Today’s post is by Rakim Brooks, and is cross-listed with Demos’s Policy Shop. Rakim is the Ed Baker Fellow for Democratic Values at Demos, a Progressive think tank based in New York City. He is also a Doctoral student and a Rhodes Scholar at the University of Oxford. A graduate of Brown University, where he studied Africana Studies, Rakim’s main areas of research are political theory, history, and social justice.
Contrary to The New York Times‘ estimates that poverty rates would dwindle with the release of the Supplemental Poverty Measure (SPM), the Census Bureau is reporting that more than 49 million Americans are struggling to meet the costs of food, clothing, shelter, and utilities. Relative to the official measure, this includes an additional seven percent of the elderly, four percent fewer children, and two percent more of married households, among other increases. In all, the SPM suggests that 2.4 million Americans went uncounted by the traditional poverty measure, continuing a trend of underestimating the number of impoverished American families. In 2009, 2.4 million Americans also went uncounted.
The traditional measure undercounts relative to the SPM because of the different poverty thresholds each measure uses. In 2010, the traditional measure placed the poverty line for a two parent-two child household at $22,113, while the SPM set its threshold at $24,343. The reason for this difference is not arbitrary. In fact, the official threshold has been a source of consternation for poverty advocates for many years. The traditional poverty measure, also referred to as the Orshansky thresholds in honor of its creator, set the poverty rate at three times the cost of a minimum food diet in 1963, adjusted for inflation annually. That was just fine when food accounted for one-third of the average American family’s gross income.
Due to technological advances, food presently accounts for roughly one-eighth of a family’s income. Housing and childcare take now take the biggest bite out of a family’s paycheck. And as individuals age, healthcare becomes a more pressing financial concern. Yet, the current measure neglects to factor in any of these additional costs nor does it consider the most obvious factor in ascertaining true poverty rates: geography.

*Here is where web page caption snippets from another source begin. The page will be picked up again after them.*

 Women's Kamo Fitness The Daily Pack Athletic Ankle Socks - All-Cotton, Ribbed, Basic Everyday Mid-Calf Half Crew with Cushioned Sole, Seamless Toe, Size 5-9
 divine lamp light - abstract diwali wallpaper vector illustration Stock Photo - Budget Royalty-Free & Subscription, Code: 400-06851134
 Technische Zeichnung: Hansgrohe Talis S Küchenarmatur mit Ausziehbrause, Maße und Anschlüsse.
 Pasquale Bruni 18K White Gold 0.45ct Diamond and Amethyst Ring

The SPM reveals the results of this undercounting. Politicians and pundits have long assumed that Social Security eradicated elderly poverty. True enough when compared to historic rates of elderly poverty, but our seniors are still struggling to get by. According to the SPM, roughly 16 percent of seniors are impoverished. That’s over six million seniors at present. Consider the reports of rising healthcare costs, we can expect this population to grow, presenting another significant social policy problem. Whereas families in previous generations could expect their elderly to be independent, our families will experience additional financial burdens as our elderly loved ones fail to make ends meet. And we will face this new burden with stagnating and declining wages.

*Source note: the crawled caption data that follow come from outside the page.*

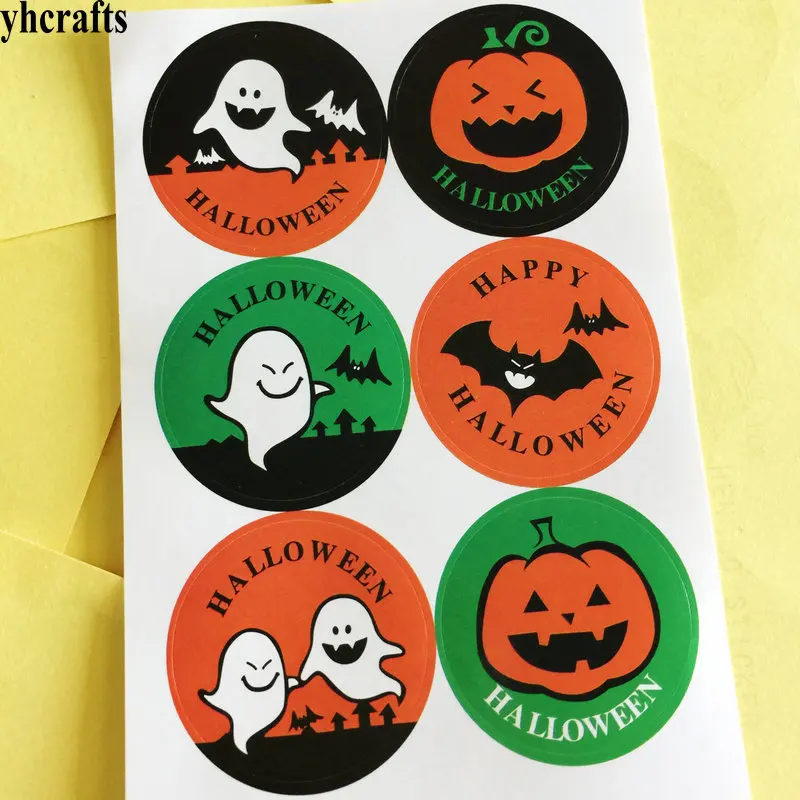 6pcs Lot Pumpkin Ghost Bat Paper Sticker Bake Sealing Pumpkin Ghost Bat Paper Sticker Bake Sealing Stickers Craft Material Diy Label Wall Fridge Outlet In From Toys Hobbies On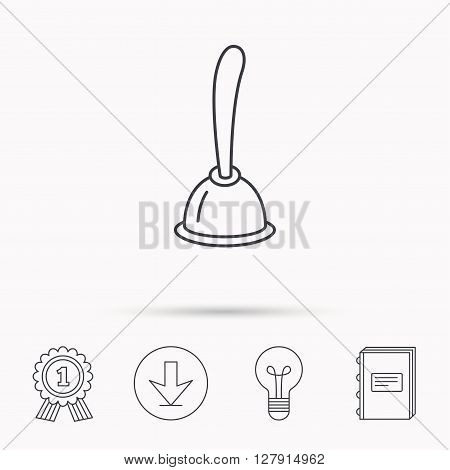Plunger icon. Toilet cleaning tool sign. Download arrow, lamp, learn book and award medal icons.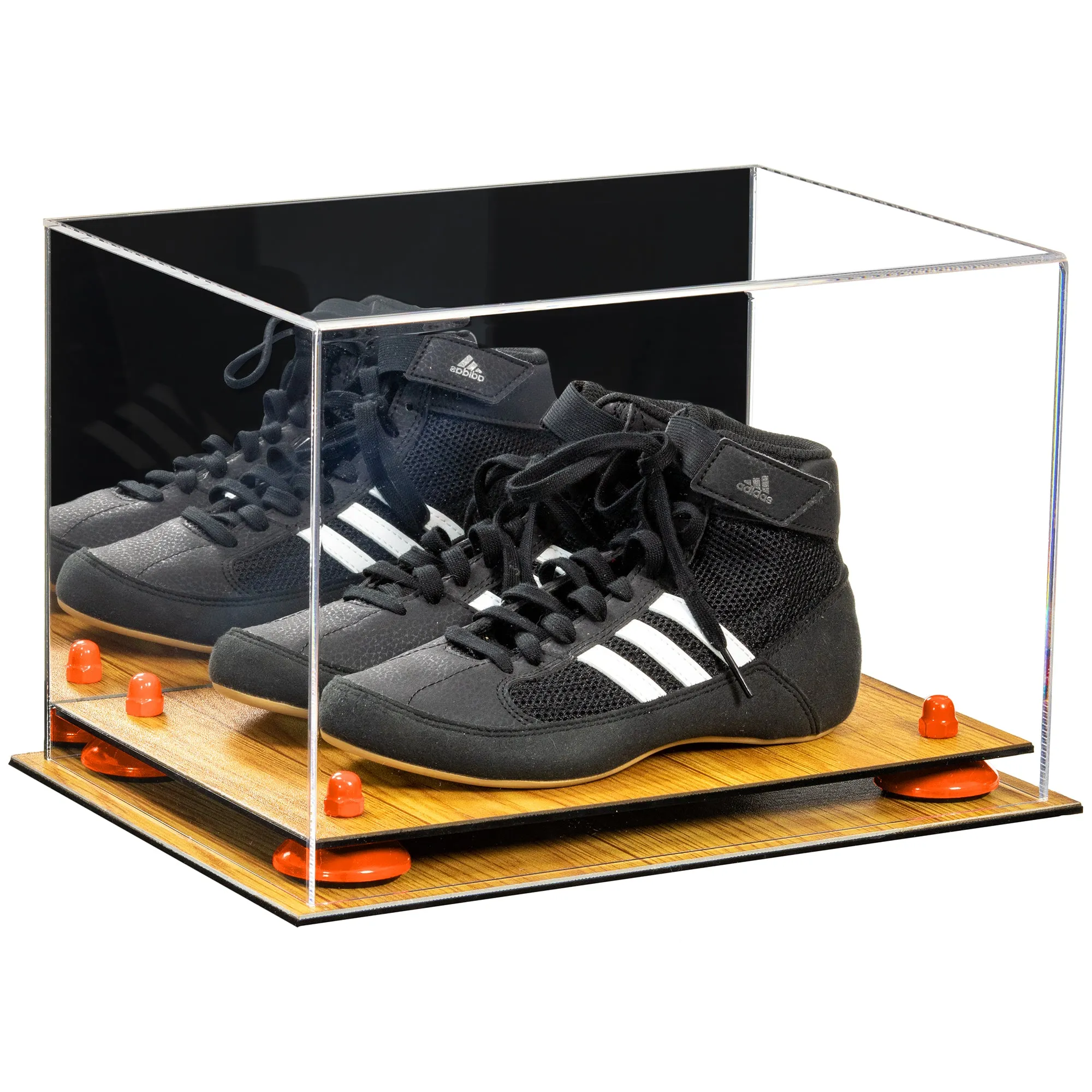 Acrylic Kids Shoes Display Case 12 x 8.25 x 8 - Mirror no Wall Mounts (A004/V41)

The SPM also reveals a harsher reality concerning our immigrant families. Roughly 25 percent of immigrant families, including 16.8 percent of naturalized citizens are poor. Conservatives have long bemoaned the so-called “drain” low-skilled immigrant workers place on our economy, but praised other hard-working immigrants for their ingenuity and contributions to the American economy. They have cited official poverty rates of 11.4 percent to buttress their view; even native-born rates of poverty are 14.3 percent, they say. Well, the SPM demonstrates that, while these naturalized citizens are performing better than their non-citizen peers (32 percent poverty), these new American citizens are also struggling to survive in our unequal society. And it’s not only the Hispanic naturalized citizens who are feeling the strain of this sputtering economy. 16.7 percent of Asian immigrants are poor.
With those two under-estimates in mind, realize that this new Census report forecasts our collective future if we fail to respond to the poverty crisis now. As the baby-boomers continue to retire, our social and economic commitments are growing while our workforce is shrinking. The new American workforce, if immigration and birthrate patterns continue at current rates, will be composed largely of our Black and Hispanic youth, many of whom will bear the scars of poverty. Mixing an aging population and blighted workforce is a recipe for national failure. Let’s hope elected leaders and citizens alike are getting the message.